3 cups all-purpose flour
2 teaspoons baking soda
1/2 teaspoon salt
2 sticks (8 ounces) unsalted butter, at room temperature
2 cups sugar
2 teaspoons pure vanilla extract
2 large eggs, preferably at room temperature
About 4 very ripe bananas, mashed (you should have 1 1/2 - 1 3/4 cups)
1 cup buttermilk
Chocolate chip

Preheat the oven to 350. Generously grease a large bundt pan. Set aside.
Place the margarine and sugar in a large bowl.

Add the eggs and vanilla,
and beat until smooth.
Add the bananas and blend.
Add some of the dry ingredients,
and blend.
Then add some of the buttermilk and blend. Repeat, ending with the dry ingredients.
Here is the blended batter.
Add chocolate chips.
Gently stir them in.
Pan the batter,
and bake for about an hour or until a toothpick inserted in the center comes out clean.
Allow to cool for about ten minutes in the pan before unmolding it and cooling completely on a wire rack. Dust with powdered sugar, if desired.

Tuesday, March 9, 2010

Chocolate Streusel Coffee Cake

I've finally gotten my hands on a Kugelhopf pan! I've wanted this pan for as long as I've known what it was and I finally found an inexpensive one. Now, Im sure it's not the greatest quality but it definitely serves its purpose. After all this time, I got around to toiveling it on Friday. Now, it was ready for its debut. What to make in it? Chocolate Streusel Coffeecake from Rose's Heavenly Cakes, that's what. This simple, great with coffee cake was one that I'd been wanting to cross of my list. What's strange about it is that it makes only a small bundt and two cupcakes. What's with the weird size? Enter the Kugelhopf pan, the perfect size to accommodate all of the batter! Interestingly, enough, this cake doesnt make use of Rose's usual technique of beating the dry ingredients with the fats and then adding the liquids but rather uses the typical creaming method. Nothing notable to say except that I swapped out some cream cheese and buttermilk for the sour cream, with great results. Yay for finishing the cream cheese and not wasting anything! The streusel is made of some cocoa powder, brown sugar, and cinnamon. The cinnamon adds a nice warm element to the chocolate. The sugar melts and melds with the cocoa to make a nice fudgy swirl. This cake receives good flavor and moist texture from all the dairy. It was quite good but in a book of delicious cakes might be overlooked for its simplicity.
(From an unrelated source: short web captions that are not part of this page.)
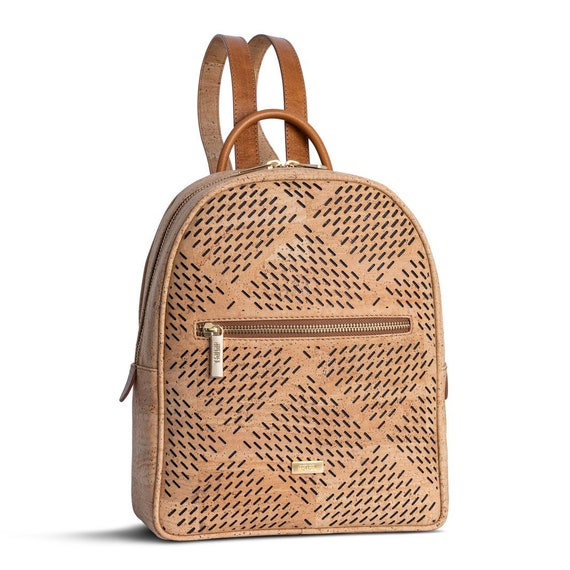 Textured Tan Backpack Women Tan Texture Leather Backpack – Teakwood Leathers main image 2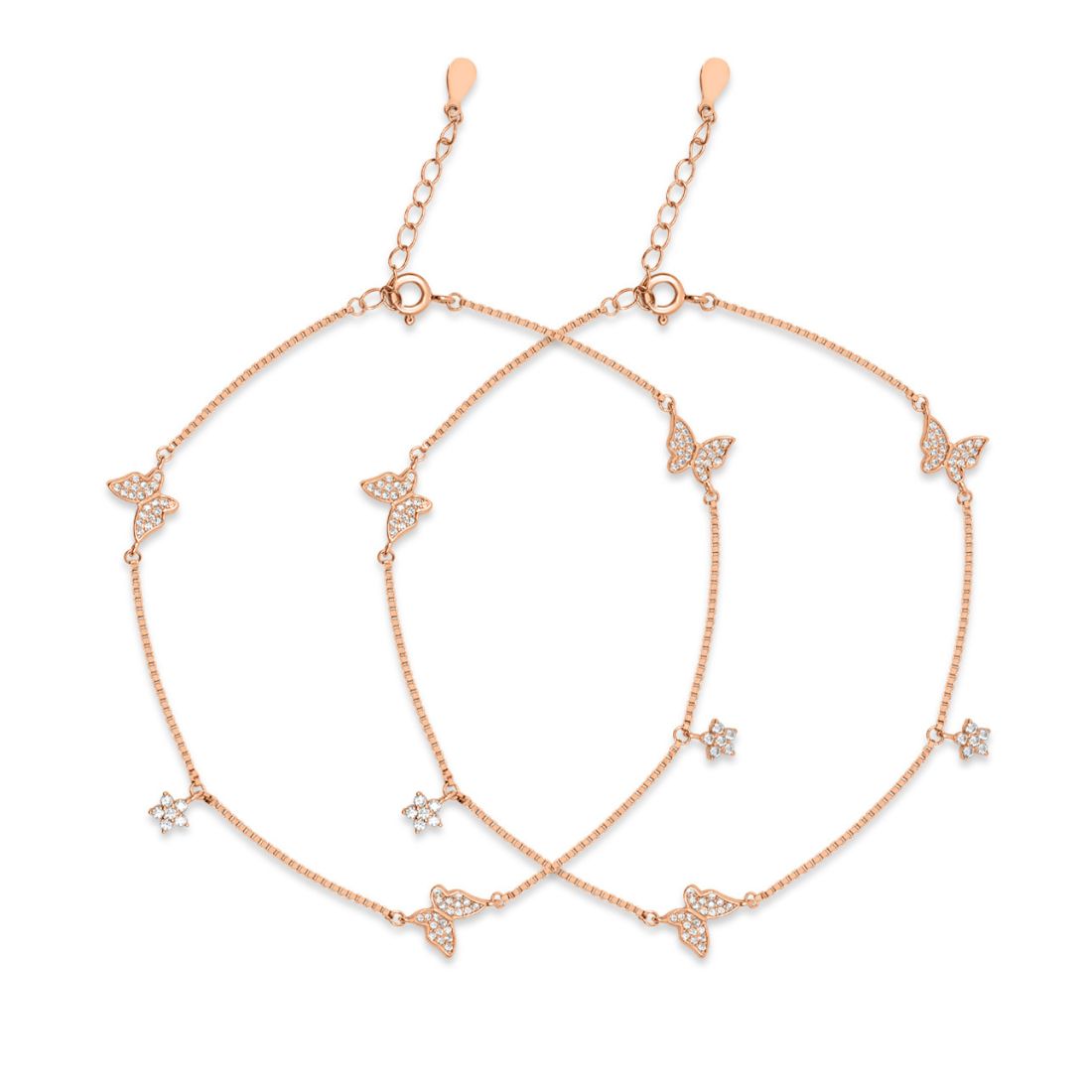 Women's rose gold 925 Sterling Silver anklet featuring delicate CZ butterfly charms on a fine chain – Zavya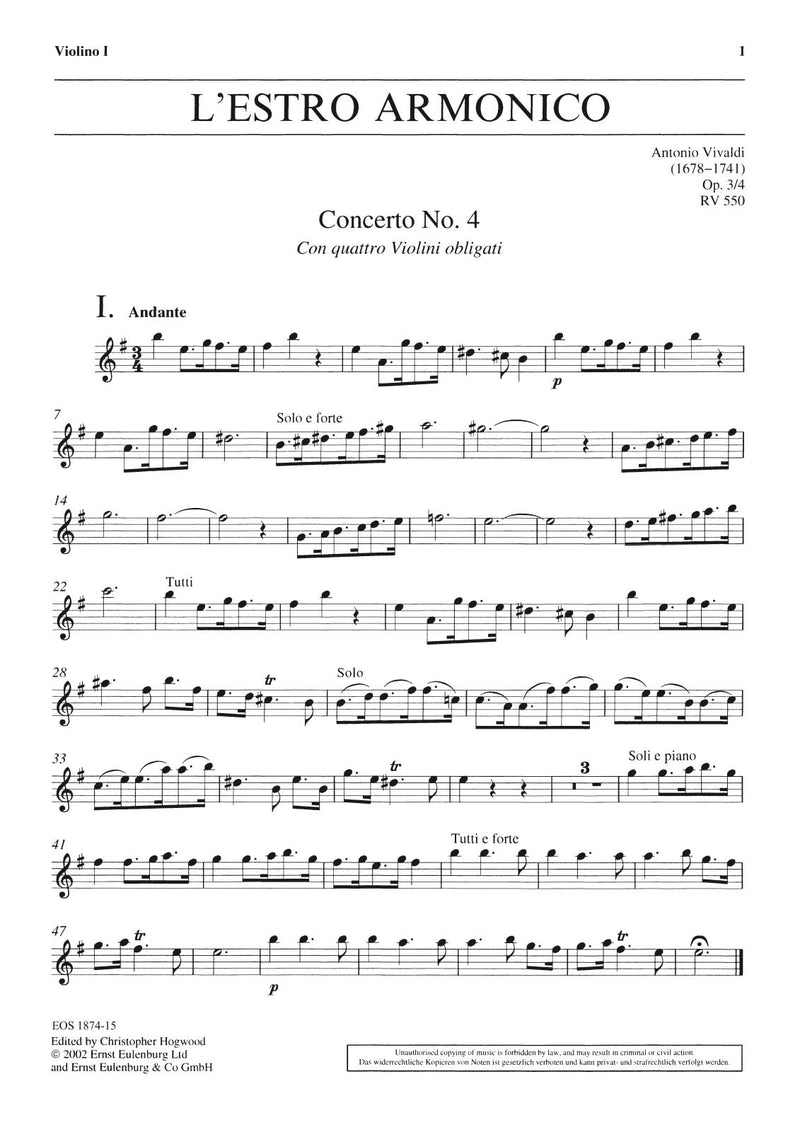 L'Estro Armonico op. 3/4 RV 550 (Violin 1 part)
Chocolate Streusel Coffee Cake
from Rose's Heavenly Cakes

3 tbsp brown sugar
2 tbsp cocoa powder
1/4 tsp cinnamon

1 3/4 cups flour
1 1/2 tsp baking powder
1/4 plus 1/8 tsp baking soda
1/4 tsp salt
8 tbsp butter or margarine
1 cup sugar
1 egg
1 egg white
1 1/2 tsp vanilla
1 cup sour cream

Preheat the oven to 350. Generously grease a kugelhopf pan. Set aside.
In a small bowl, place the streusel ingredients.
Using your fingers, break up the brown sugar lumps and mix to combine. Set aside.
Place the flour, leavenings and salt in a bowl.
Whisk and set aside.
Place the margarine in a bowl.
Beat until light and creamy.
Slowly add in the sugar and beat until fluffy.
Add the eggs and vanilla.
Beat until smooth.
Add the dairy,
and beat until smooth.
Add the dry ingredients,
and mix to form a uniform batter.
Spoon half of the batter into the prepared pan.
Sprinkle the streusel evenly over the cake batter, covering the entire surface.
Spread the remaining batter atop the streusel, covering all of the edges.
Bake until golden brown and a toothpick inserted comes out clean.
Let cool for a few minutes before depanning. Cool completely on wire rack.